Perguntei-lhe como se ganha coragem para galgar as ondas e fazer o lanço das redes que depois hão de ser puxadas para a areia pelos tratores. Disse que ali não há coragem. Vai-se porque sempre se foi — e ainda se tem de ir. O resto é confiança no saber e jeito no que faltar.

Hoje, um jovem de 23 anos "caiu ao mar quando se encontrava à pesca" em São Pedro de Moel, Leiria. Foi "dada a informação de que não sabe nadar”, tendo as buscas sido suspensas até à manhã desta segunda-feira: hoje, já não há luz que chegue.

O mar pede respeito, ensinaram-me os arrais de Espinho. A temporada está a terminar por esta altura — o peixe escasseia. Nalguns dias, nesses de maior fartura, chegam a domar as ondas logo às três ou quatro da madrugada. Com o aproximar dos defesos, rareando o peixe, vão mais tarde e munidos só da esperança de que haja alguma coisa mais do que o lixo.

Depois, esse pouco peixe é posto na lota. As peixeiras hão de o vender aos que ali vão à procura do bicho que ainda soluça, de fresco que está — pois que há minutos ainda nadava, selvagem que é, no Atlântico.

Pensar em mar, pensar em peixes, é diferente de pensar em terra e animais. Aqui, o gado é domesticado: criado e tratado pelas mãos dos homens e das mulheres.
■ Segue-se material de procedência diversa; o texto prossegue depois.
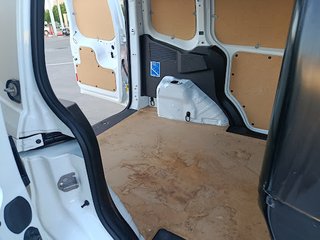 Ford E-Transit Courier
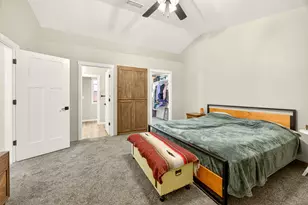 1870 SW Mistybrook Dr, Grants Pass, OR 97527 - Photo 9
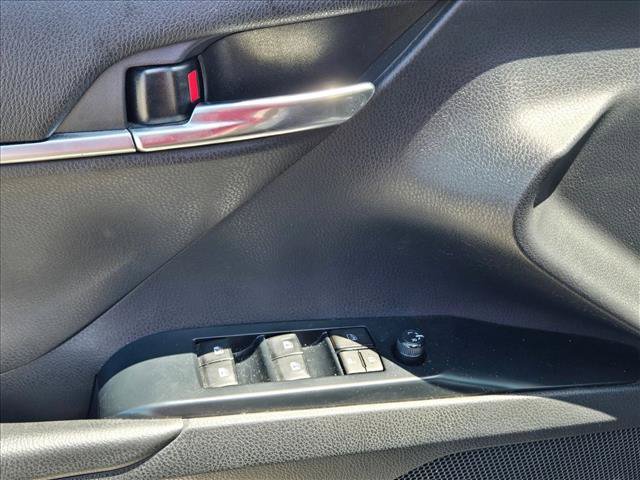 Used 2020 Toyota Camry SE AWD/4WD image 9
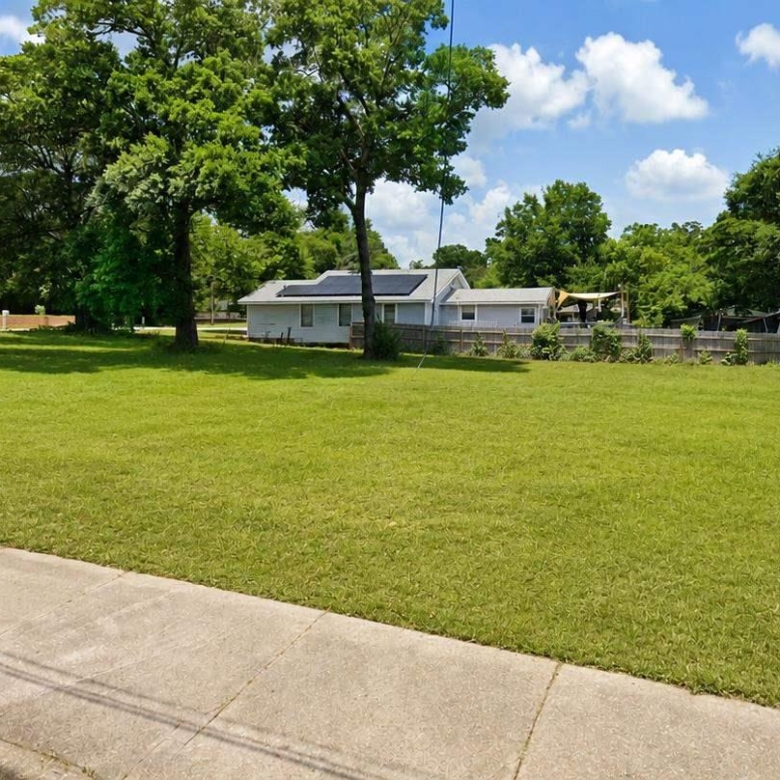 320 N Pace Blvd, Pensacola FL 32501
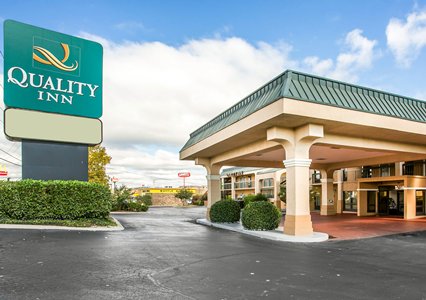 Pet Friendly Quality Inn in Goodlettsville, Tennessee
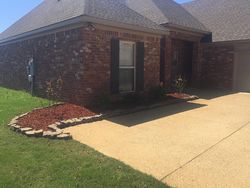 Pre-foreclosure in  AUGUST BND Madison, MS 39110
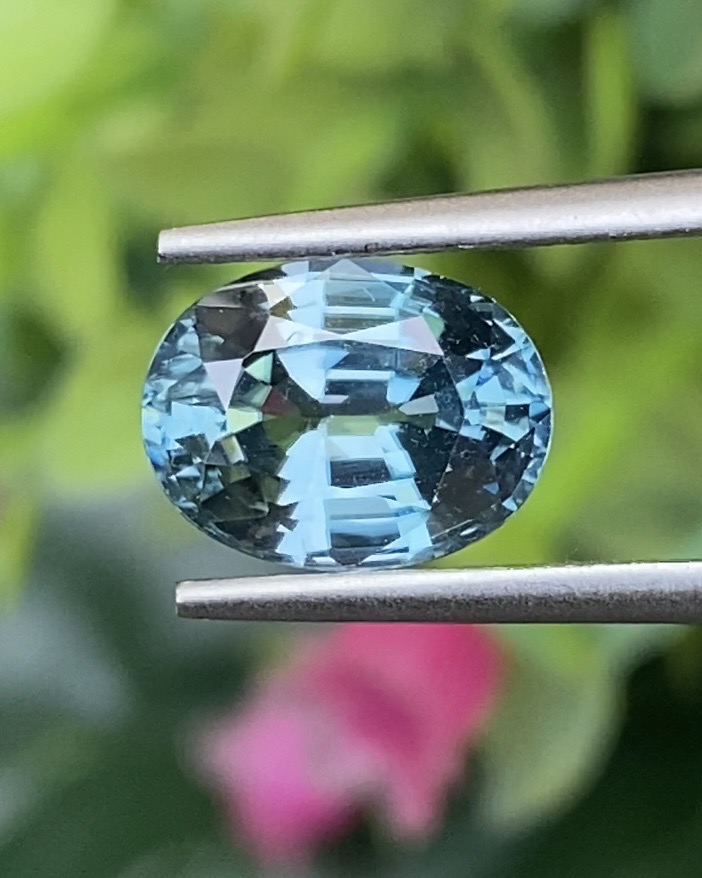 พลอย เพทาย (Zircon) 3.49 กะรัต (Cts.) พลอยแท้ อัญมณีมงคลประจําวันเกิด เครื่องประดับพลอย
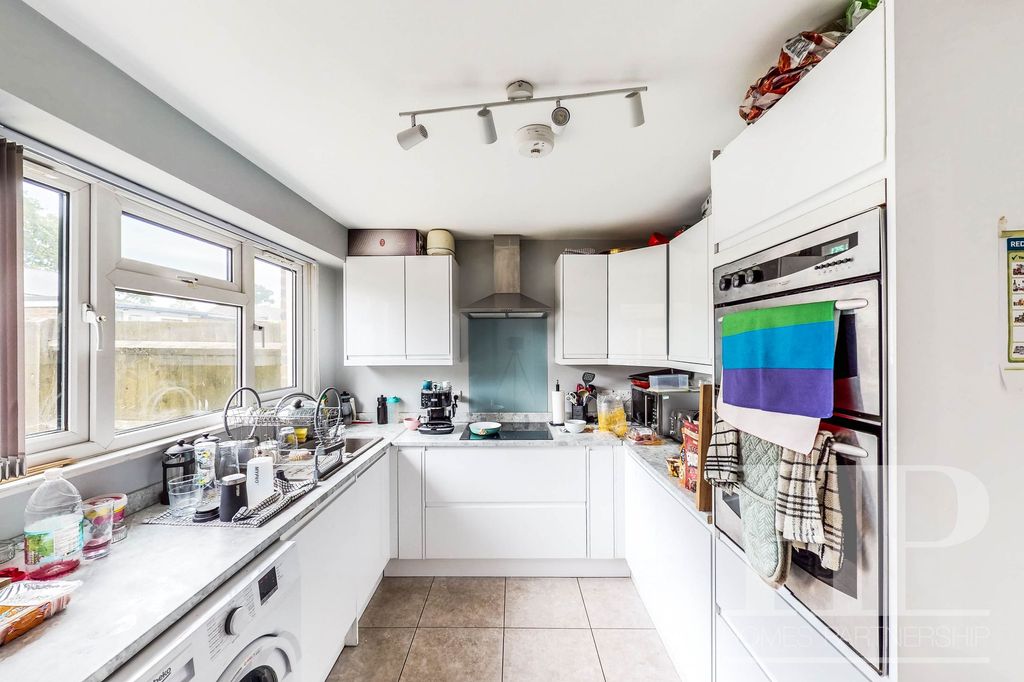 Property photo 3 of 4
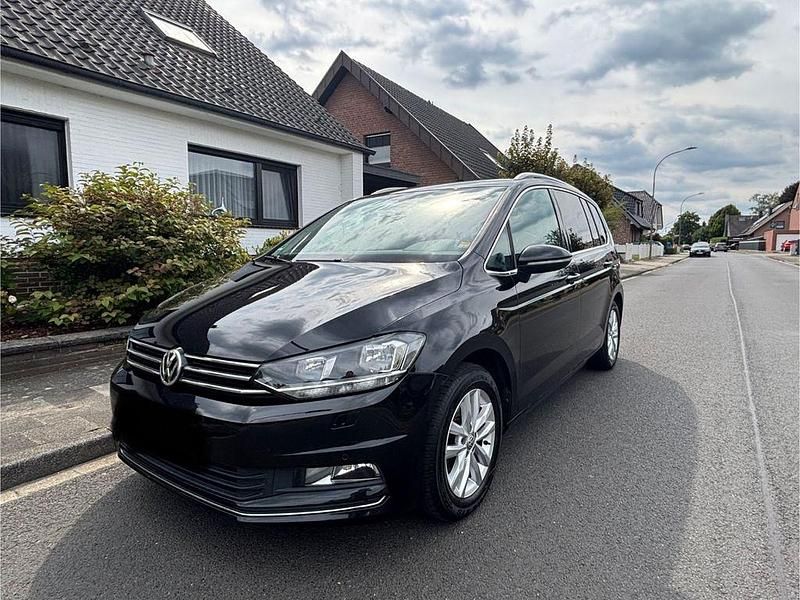 Schwarz Gebraucht 2016 VW Touran Highline Van / Kleinbus | 14.500 € (Fairer Preis) - Bild 1/4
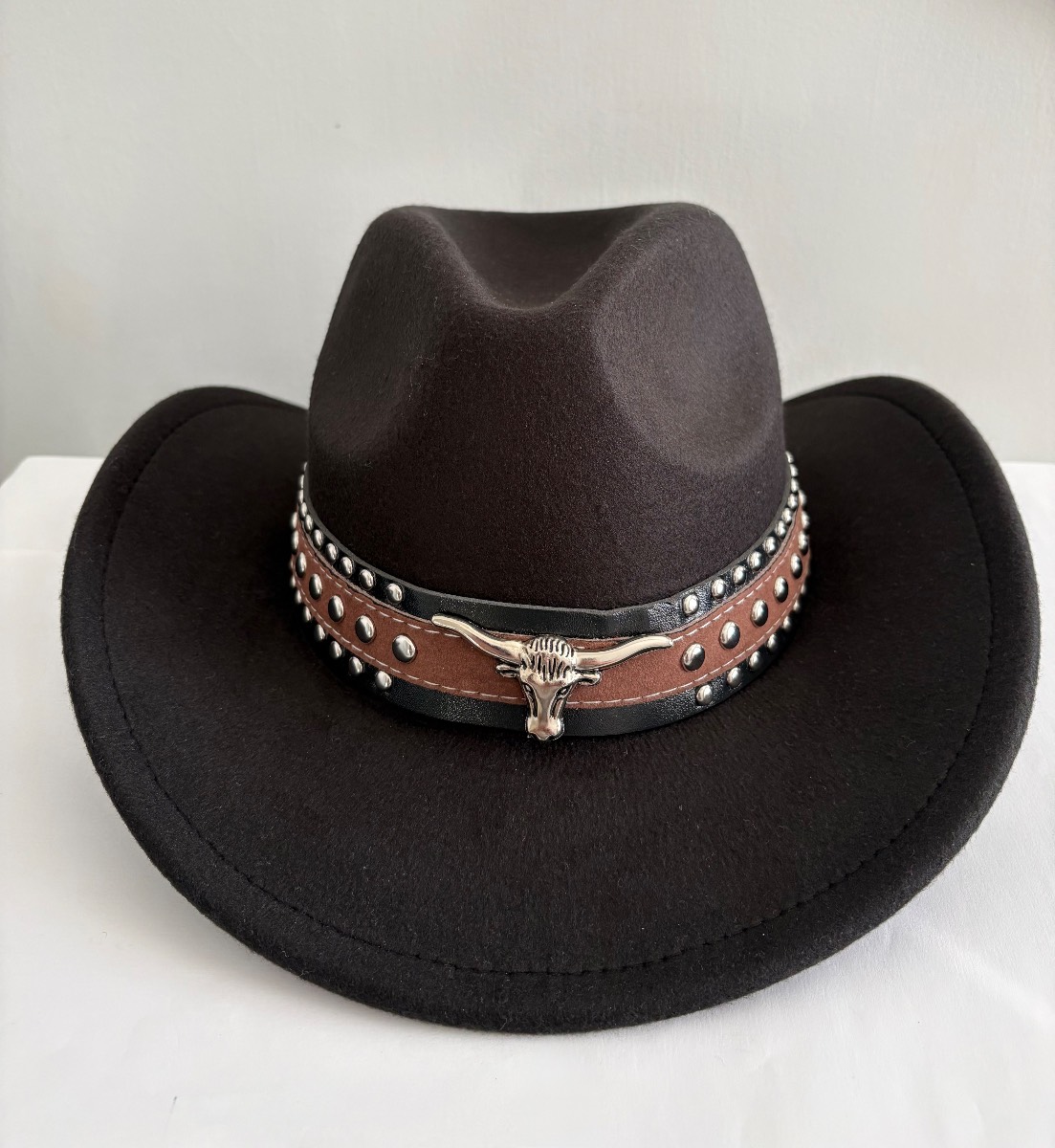 Black Cowboy Hat with Bull Belt Trim – 57cm Adjustable – Unworn 🤠
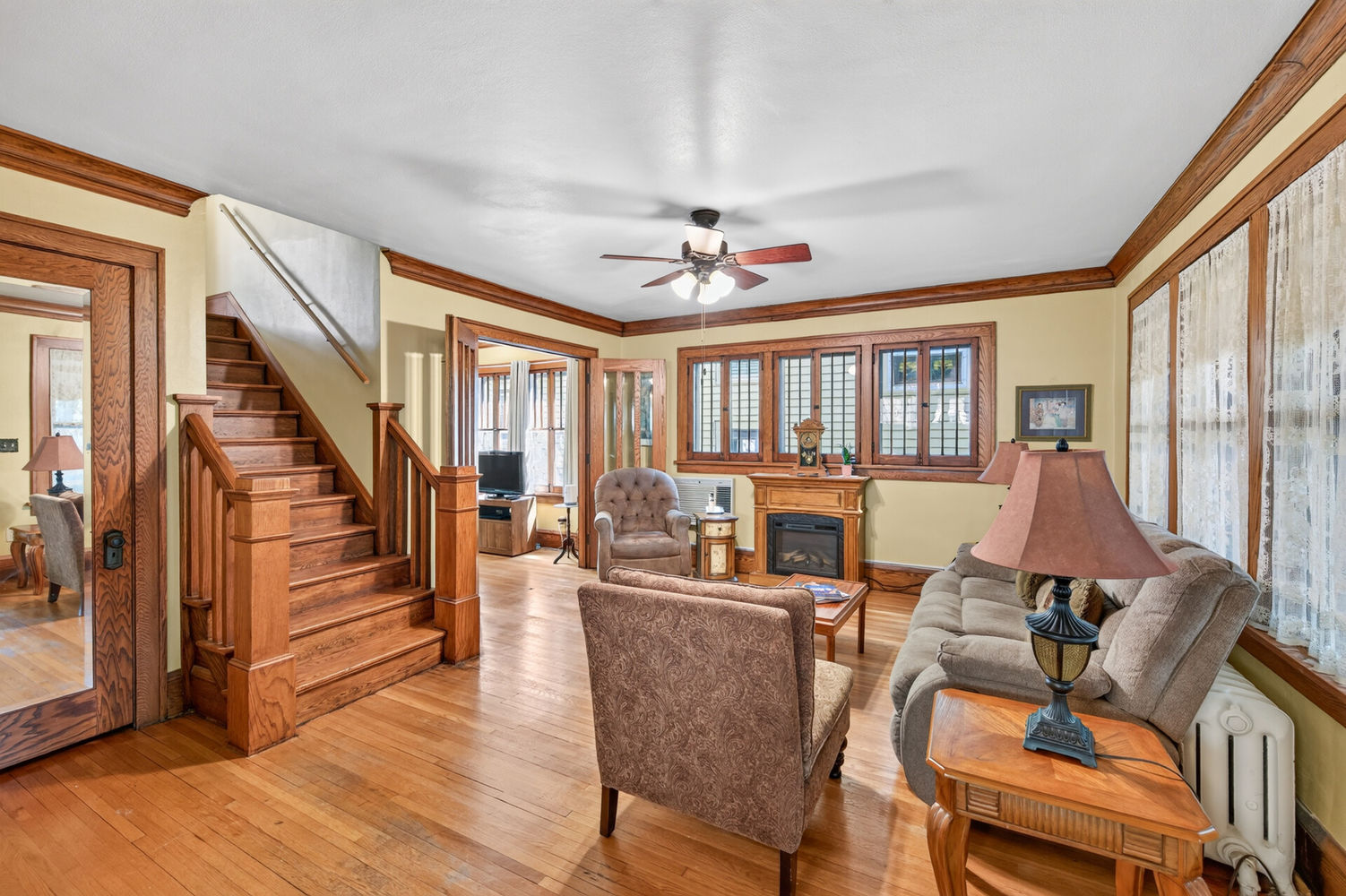 08_1587_Wellesley8_mls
Com o mar não é assim: o peixe é selvagem, é livre até que alguém o agarre e puxe para a morte.

Citar o meu próprio trabalho é algo estranho, mas a dada altura apercebi-me de que nesta coisa de ser, “há os peixes e há os homens, ali na luta de sobreviver e ganhar a vida. Para que um viva, morre o outro; quando morre um, vive o outro. A arte é esta.”

Em causa própria, aconselho o leitor, então, a passar por esta história. É multimédia: conto-a com o texto, mas também com o som: o som de uma velha peixeira, de um arrais, do patrão de uma companha — e até de um peixe.

E porque de mar falamos, fica ainda uma sugestão para o jantar: hoje é o último dia para ir a Espinho aproveitar as 17 propostas do Sem Espinhas, evento que celebra a gastronomia local.

Sem Espinhas e ligeiramente a norte de Espinho, eu sou o Pedro Soares Botelho e hoje o dia foi assim.